1. Simplify language. Avoid jargon unless absolutely necessary – and if it is, explain it. Don’t use colloquialisms that non-native speakers will struggle to understand. Don’t use fancy words to try and impress. You won’t.
Also, as difficult as some of you might find it, try to avoid all but the simplest of jokes – it can be difficult to successfully get these across at the best of times, let alone in another language. Keep your vocabulary simple and your audience will find it far easier to stay focused and get to grips with your main points.
2. Speak slowly, clearly, and ‘chunk’ your sentences. If your audience is speaking English as a second language and you suspect they might struggle to understand you, pause after phrases to give them a chance to register what you’ve just said. Slow down your speaking – even more than you would in a normal presentation. It may feel unnatural, but your audience will find it hugely beneficial.

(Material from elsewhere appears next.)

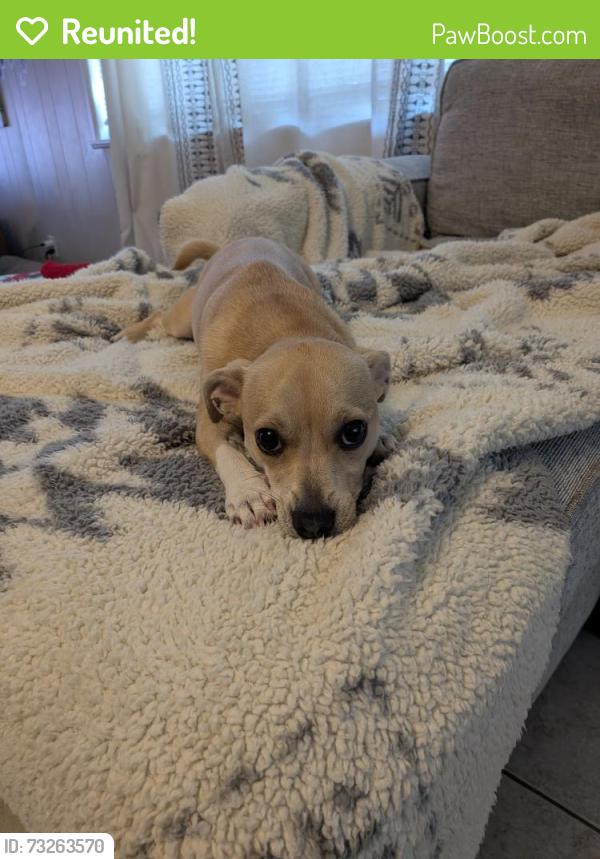 Reunited Female Dog last seen Across from McDonald's on Spirit lake road winter Haven FL. Live close to Shadow wood and live on spirit lake where she went missing, Winter Haven, FL 33880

3. Use visuals. Visuals can have such a huge impact on understanding and recall when everyone is comfortable with the language you are using – just think how useful they can be when comprehension is already an issue. Keep the same pattern going with your visuals throughout and your audience will be able to use it as visual cues as to what you mean – meaning they can focus on the key points you want them to remember.
4. Use gestures. Honestly, it’s amazing just what a difference a few gestures can make. If you’ve ever travelled to a country in which you do not speak to a word of the language, you will have experienced firsthand just how far a few gestures can go towards you getting a hot coffee and a sandwich. While some gestures are native to specific regions and can mean different things in different parts of the world, instinctive gestures – even things as simple as pointing – can get your point across simply with minimum fuss.
5. Ask questions. The only true way to know whether someone has understood something is to ask them about it. And this does not mean asking them, “Do you understand?” – because invariably the answer will be ‘yes’, whether or not they have any clue as to what you are discussing. Ask them specific questions that require specific answers and you will be able to tell whether or not they are on the same track as you. If not, go back and repeat things they are unclear of. If yes, well, great!
If you use these techniques, you’ll be surprised at just how easy it is to get your point across through a language barrier. And you may find that they help in your everyday presenting too.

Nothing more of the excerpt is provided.